最凶レディース総長、最弱いじめら れっ子令嬢に転生~アンタの無念はアタシが晴らす!~
林 真帆
プロローグ
――一九XX年、K県某所。
この日、K県最強レディースを決めるべく、二つのチームが集結していた。
夜叉姫 VS 暗黒女帝
今、戦いの幕が切って落とされた。
『夜叉姫』の初代総長姫乃樹アリスは、その容姿の美しさもさることながら、情け容赦ない暴れっぷりで喧嘩無敗を誇り、『最凶』の名を欲しいままにしていた。
喧嘩に強いだけではなく、仲間思いであるアリスは、多くの不良少女たちの憧れで、まさにカリスマ的存在であった。
最近、チームに入ったミコも、そんな不良少女の一人だ。チーム内で一番年下ということもあり、アリスはミコのことを特別気にかけていた。
そんなミコを背後から狙う者がいた。
「ミコ、危ない!」
アリスはとっさにミコを突き飛ばした。
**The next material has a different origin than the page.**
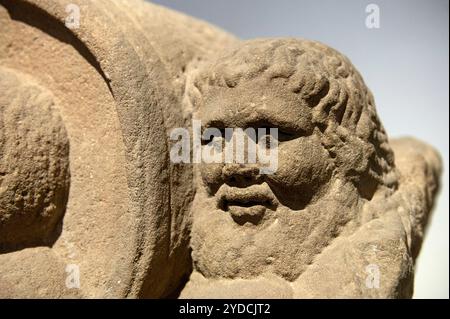 Trier Deutschland 3. Oktober 2024 Rheinisches Landesmuseum Trier, archäologisches Museum. Ausstellungen römischer Antiquitäten. Glücklicher Steuermann. n.b., Fotos, die mit Erlaubnis der Museumsbehörden nach Vorlage des Presseausweises aufgenommen wurden. Stockfoto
その瞬間、ミコに振り下ろされるはずだった警棒が、アリスを直撃し、アリスはその場に倒れ込んだ。
「総長!」
ミコの声が遠くで聞こえる……アリスはそのまま気を失った。
アリスは夢の中にいた。
夢の中でアリスは、一人の少女に出会った。
しかし、アリスは、その少女に見覚えはなかった。
少女がどんどんアリスに近づいてきて、とうとうアリスの目の前にたどり着いた。
アリスは少女に話しかけようとして、言葉を引っ込めた。少女は見た目から察するに、日本人ではない。だから日本語で話しかけても通じそうにない。
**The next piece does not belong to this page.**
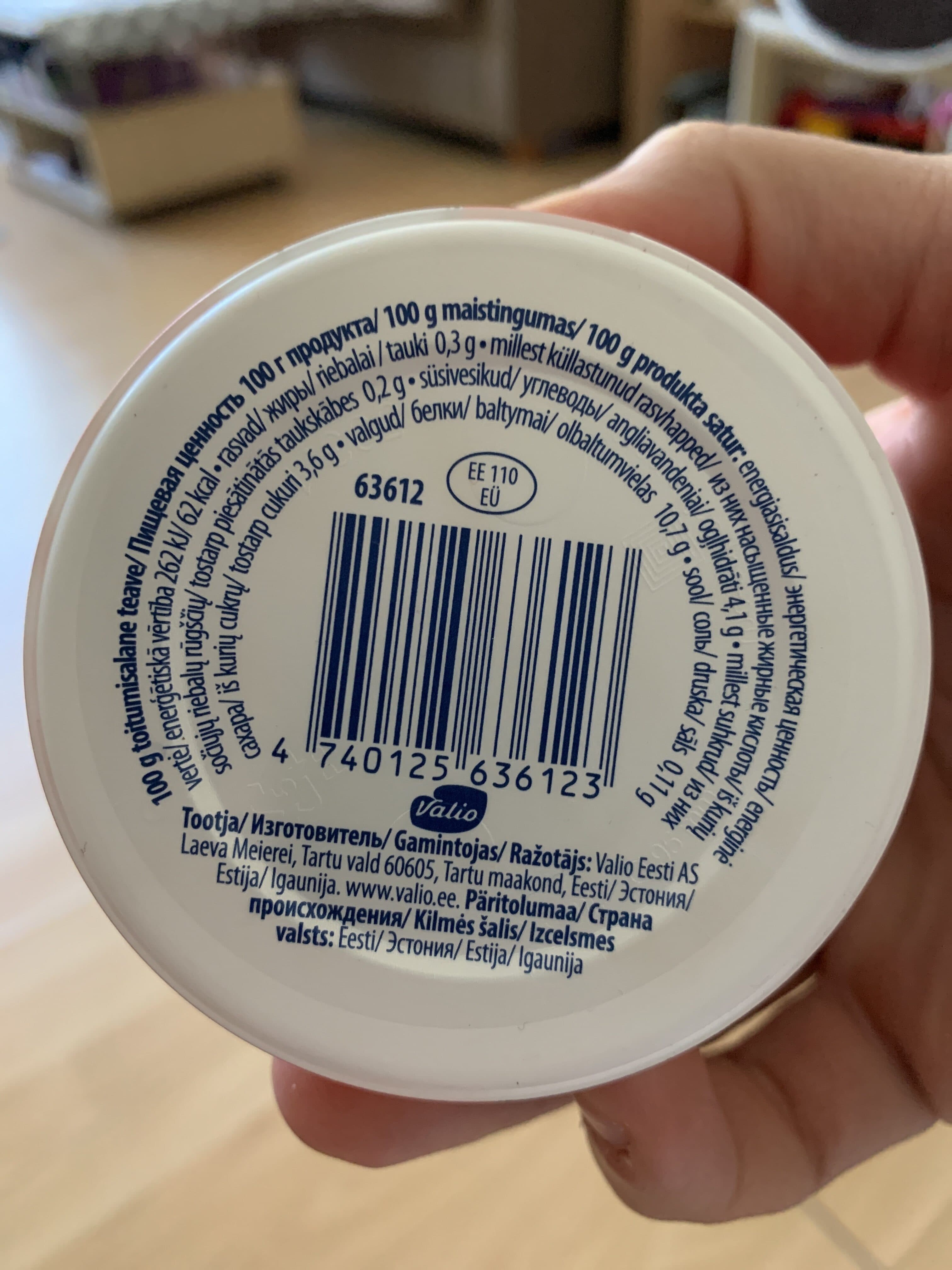 Valio protein curd cream packshot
アリスがどうしていいかわからず戸惑っていると、少女がアリスの手を握りしめてきた。
するとどうだろう……アリスの中に少女の記憶や思いが大量に流れ込んできた。
「アンタ……酷い目に遭ってきたんだね。アンタの無念はアタシが晴らしてやるよ」
アリスがそう呟くと、少女は、アリスの中に吸い込まれるようにして消えた。
アリスは、ベッドの中で目を覚ました。
すると、駆け寄って来る少女が一人。
「ミコ!」
アリスは少女を涙ながらに抱きしめる。
「ミコ! アンタ、無事だったんだね……」
「あの、お嬢様……?」
「何をふざけて……え?」
アリスがミコだと思って抱きしめていたのは、全くの別人であった。
確かに見た目というか雰囲気は、どことなくミコに似ている。しかし、髪の色や目の色は異なっていた。
「うっ……」
「お嬢様! どうされました?」
急な頭痛がアリスを襲った。アリスの頭の中で、夢の中での出来事が高速で再生されていた。
「鏡、鏡はどこ?」
「お嬢様、ここに」
差し出された鏡を見て、アリスは驚いた。
鏡の中にいたのは、夢の中で出会った少女であった。